▶ [Work instructions]:
Could you give back exactly the lines below from the one with "Hello, and thank" through the one with "Right, who's ready", without a single picture?

[[ Dataset records, beginning ]]

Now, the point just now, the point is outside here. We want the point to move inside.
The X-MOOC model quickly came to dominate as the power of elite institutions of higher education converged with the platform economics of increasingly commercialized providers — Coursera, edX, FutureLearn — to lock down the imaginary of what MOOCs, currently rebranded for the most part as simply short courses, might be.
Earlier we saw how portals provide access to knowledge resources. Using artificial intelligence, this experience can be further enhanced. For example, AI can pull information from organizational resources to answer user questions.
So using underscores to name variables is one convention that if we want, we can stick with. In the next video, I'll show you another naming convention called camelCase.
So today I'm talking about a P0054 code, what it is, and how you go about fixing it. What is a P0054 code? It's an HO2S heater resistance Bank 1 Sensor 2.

[[ Dataset records, end ]]
[[ Dataset records, beginning ]]

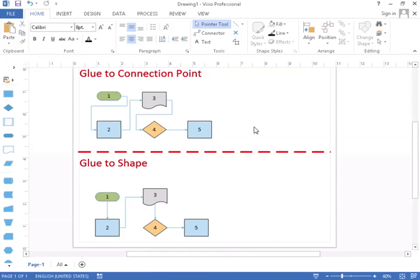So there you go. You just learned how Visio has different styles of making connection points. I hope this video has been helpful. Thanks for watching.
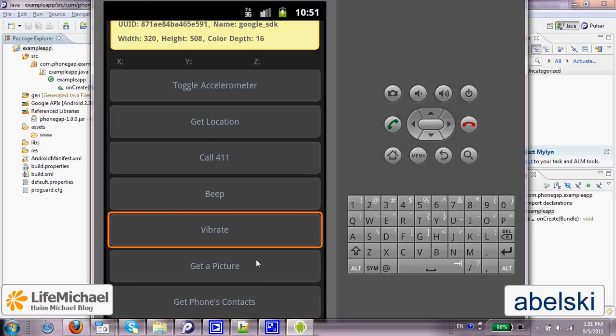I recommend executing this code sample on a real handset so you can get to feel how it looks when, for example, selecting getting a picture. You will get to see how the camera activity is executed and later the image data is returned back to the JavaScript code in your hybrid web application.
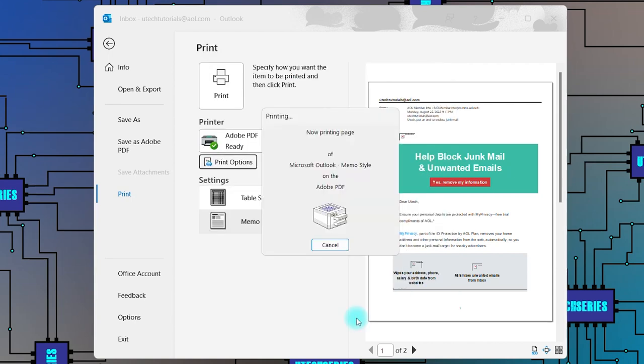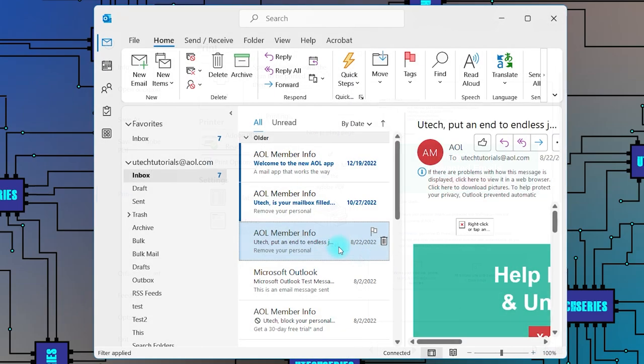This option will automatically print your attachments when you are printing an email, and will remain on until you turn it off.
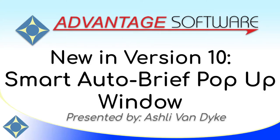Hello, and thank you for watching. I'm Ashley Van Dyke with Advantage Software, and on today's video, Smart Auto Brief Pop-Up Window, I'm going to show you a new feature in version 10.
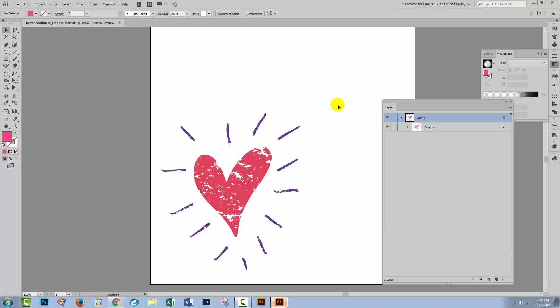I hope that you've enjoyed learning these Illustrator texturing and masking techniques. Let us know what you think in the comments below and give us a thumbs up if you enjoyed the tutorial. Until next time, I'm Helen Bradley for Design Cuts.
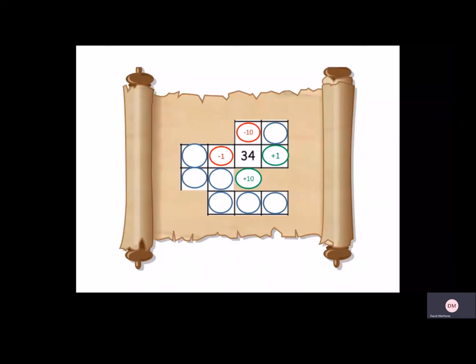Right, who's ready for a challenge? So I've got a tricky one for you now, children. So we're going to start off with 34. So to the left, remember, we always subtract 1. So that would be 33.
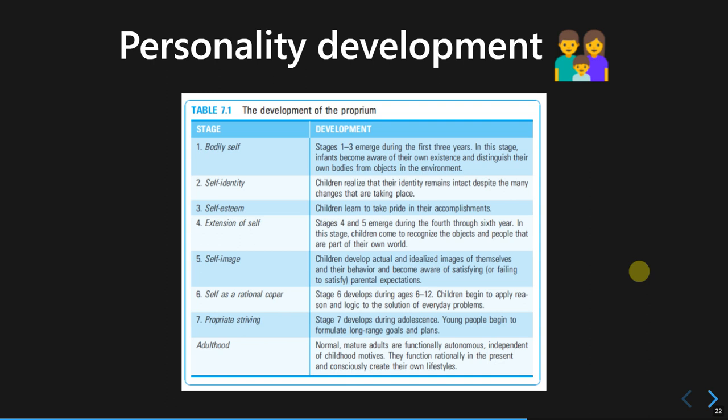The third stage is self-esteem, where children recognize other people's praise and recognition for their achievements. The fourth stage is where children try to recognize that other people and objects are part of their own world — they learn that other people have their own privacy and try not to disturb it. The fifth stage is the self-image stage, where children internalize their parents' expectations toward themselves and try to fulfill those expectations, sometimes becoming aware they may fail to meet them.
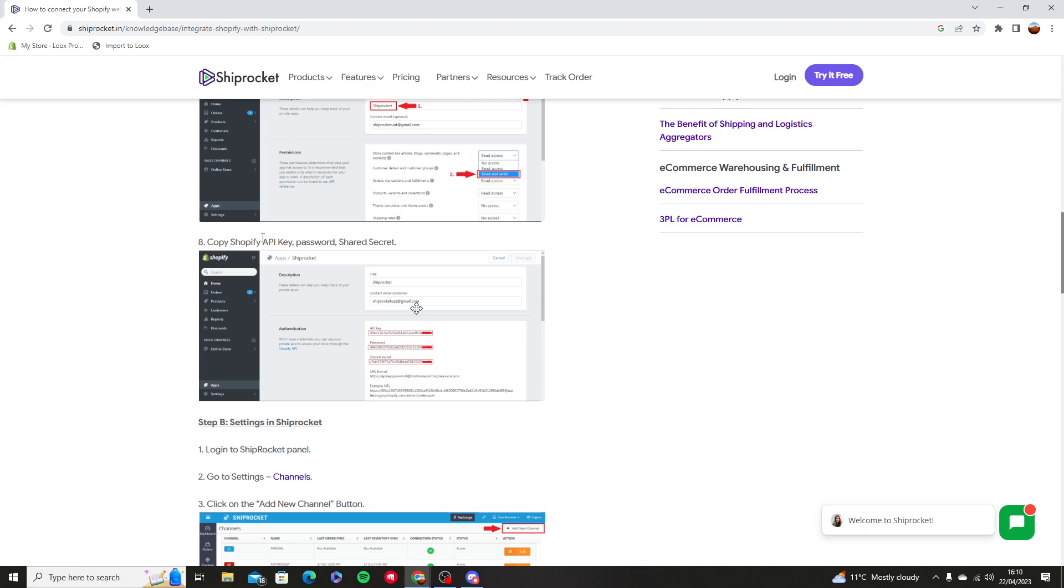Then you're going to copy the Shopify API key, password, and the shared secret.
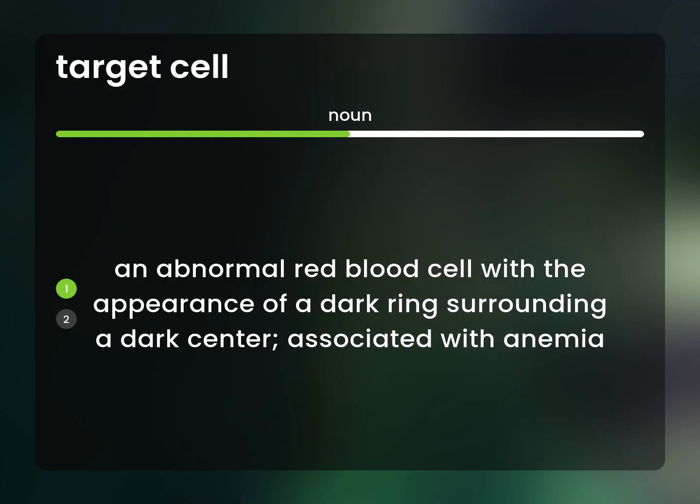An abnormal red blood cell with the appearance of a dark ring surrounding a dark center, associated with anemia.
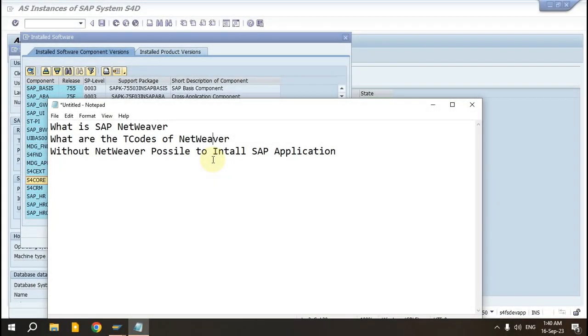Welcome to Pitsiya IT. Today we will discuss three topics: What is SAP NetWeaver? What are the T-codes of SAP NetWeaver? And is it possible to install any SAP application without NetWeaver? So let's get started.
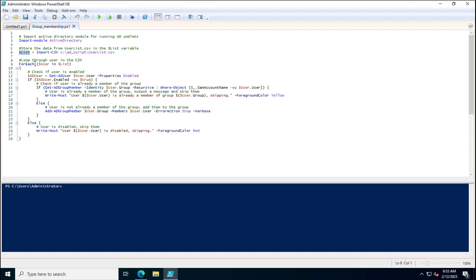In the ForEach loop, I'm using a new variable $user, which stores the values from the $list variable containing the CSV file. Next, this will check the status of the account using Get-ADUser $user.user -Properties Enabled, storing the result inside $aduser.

[[ Dataset records, end ]]

▶ [Answer space]:
Hello, and thank you for watching. I'm Ashley Van Dyke with Advantage Software, and on today's video, Smart Auto Brief Pop-Up Window, I'm going to show you a new feature in version 10.
I hope that you've enjoyed learning these Illustrator texturing and masking techniques. Let us know what you think in the comments below and give us a thumbs up if you enjoyed the tutorial. Until next time, I'm Helen Bradley for Design Cuts.
Right, who's ready for a challenge? So I've got a tricky one for you now, children. So we're going to start off with 34. So to the left, remember, we always subtract 1. So that would be 33.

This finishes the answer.